Task directions: Without copying any picture, return all lines below exactly.

***** Given information *****

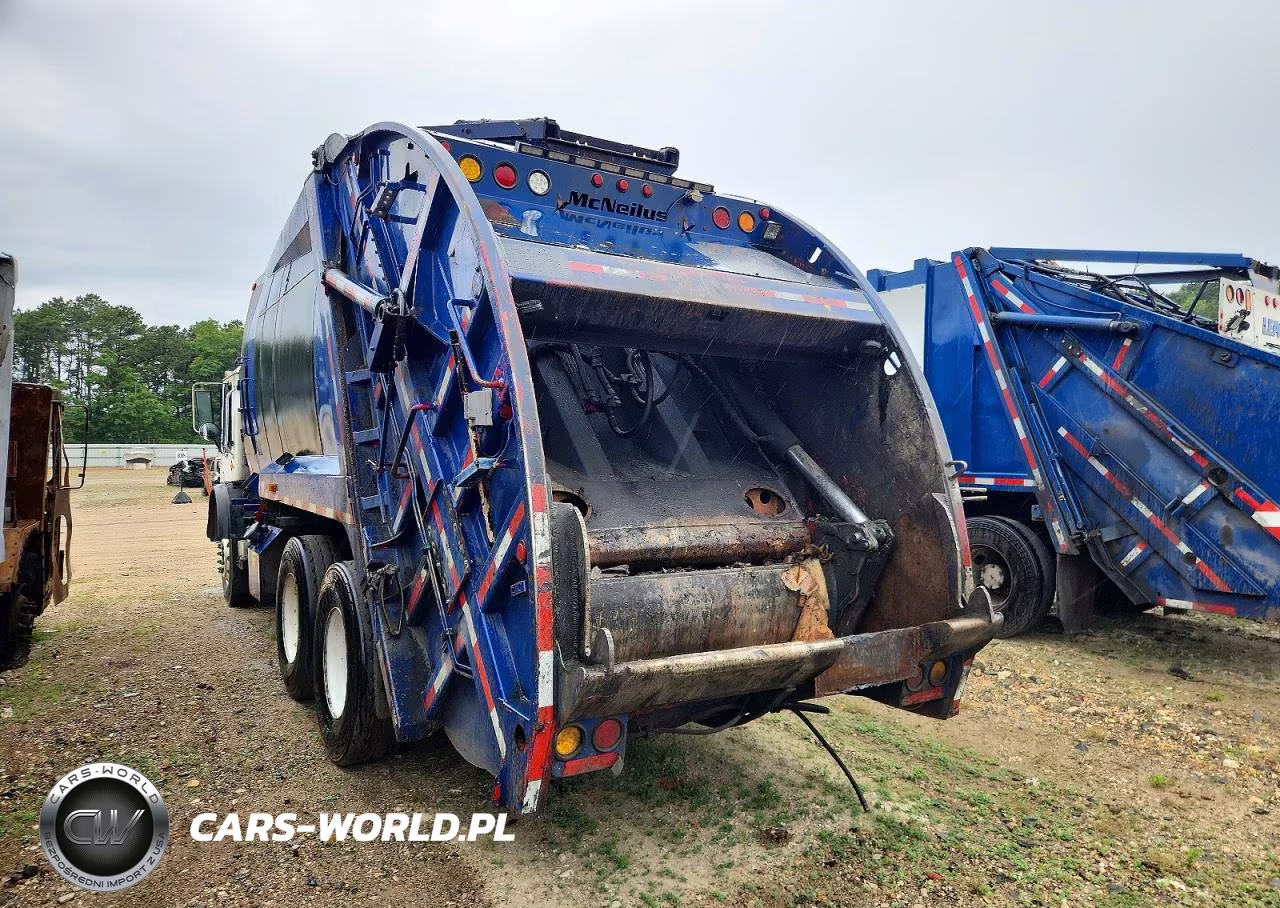 2012 Mack 600 Mru600 VIN:1M2AV02C8CM009101 - 3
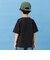 【綿100%】【365D.】アソートワンポイント刺しゅう半袖Tシャツ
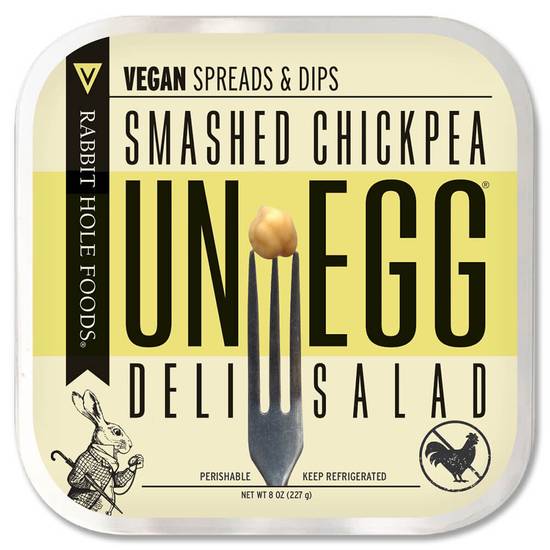Un-Egg Chickpea Salad 8z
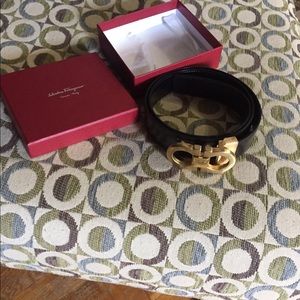 Ferragamo men's belt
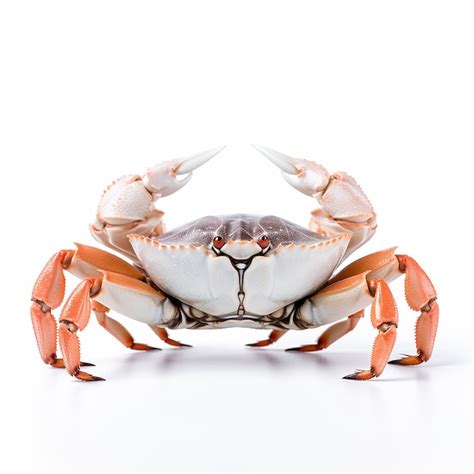 Premium Photo Crab On White Background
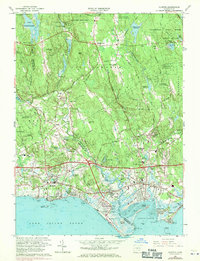 Clinton 1961 topographic map thumbnail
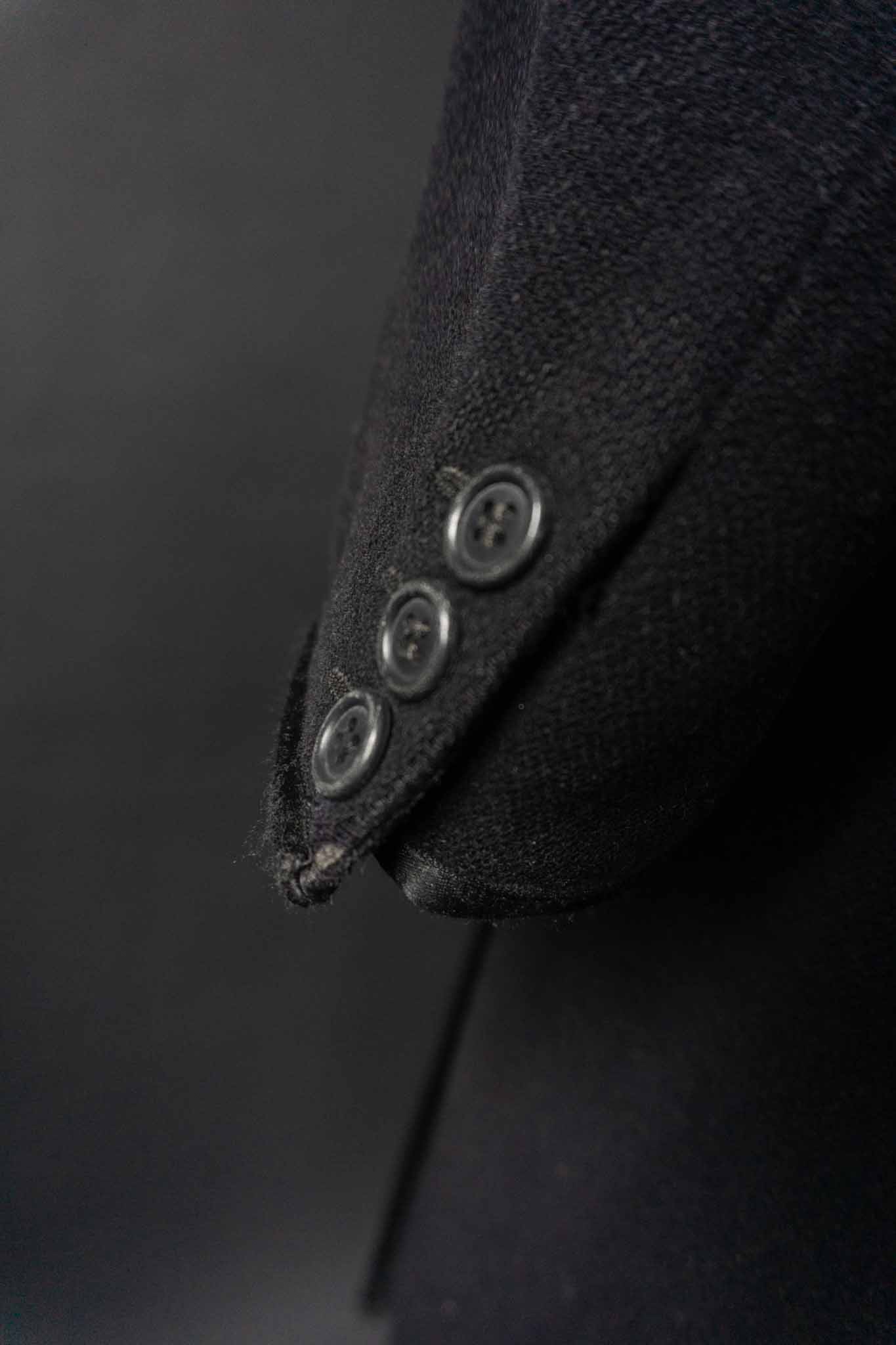 Vintage Burberry Wollmantel, L–XL theplaincircle vintage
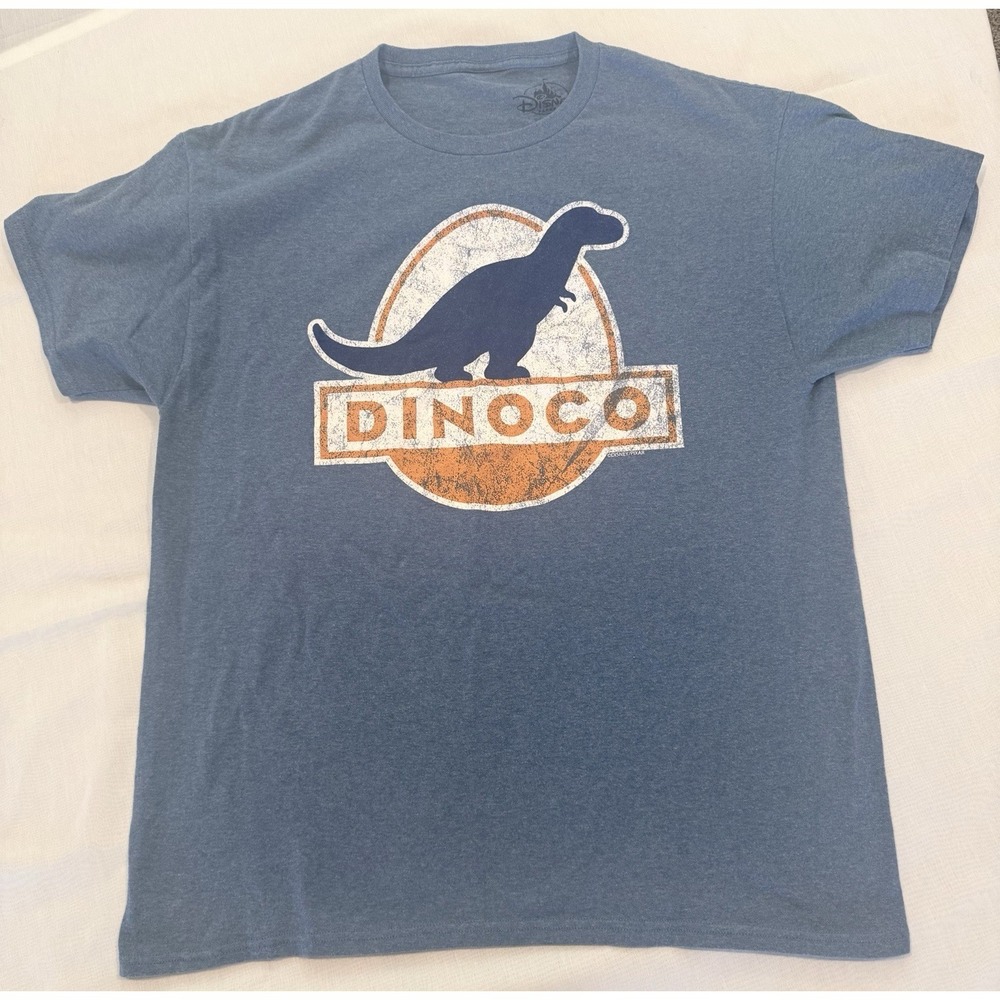 Disney Pixar Dinoco Shirt Size Medium Cars. A5
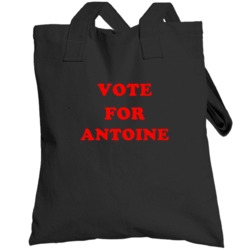 Vote For Antoine Tv Show Upright Citizens Brigade Totebag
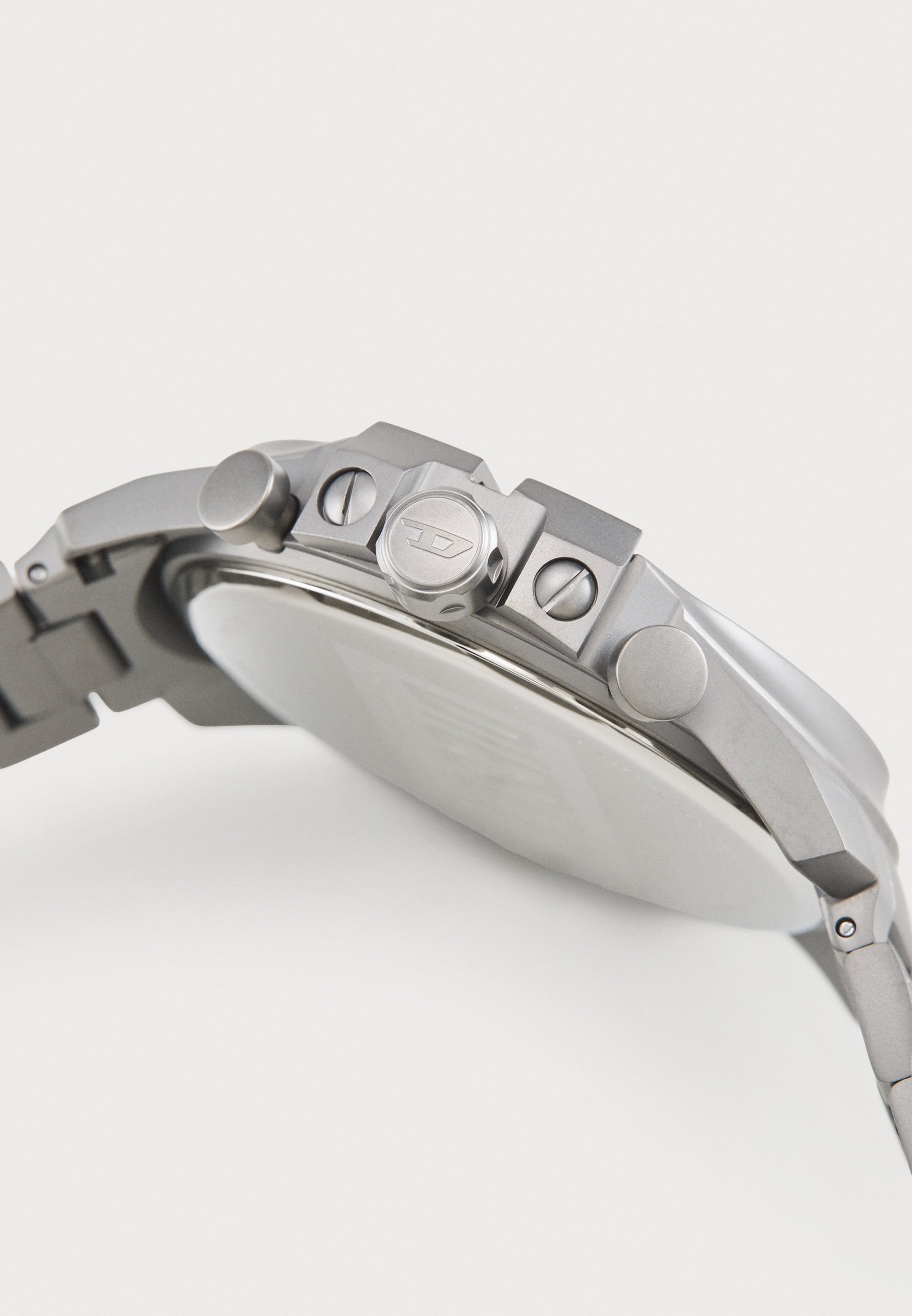 Diesel MEGA CHIEF SLIM - Montre chronographe - grise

*****

Answer for the task:
 2012 Mack 600 Mru600 VIN:1M2AV02C8CM009101 - 3
 【綿100%】【365D.】アソートワンポイント刺しゅう半袖Tシャツ
Un-Egg Chickpea Salad 8z
 Ferragamo men's belt
 Premium Photo Crab On White Background
 Clinton 1961 topographic map thumbnail
 Vintage Burberry Wollmantel, L–XL theplaincircle vintage
 Disney Pixar Dinoco Shirt Size Medium Cars. A5
 Vote For Antoine Tv Show Upright Citizens Brigade Totebag
 Diesel MEGA CHIEF SLIM - Montre chronographe - grise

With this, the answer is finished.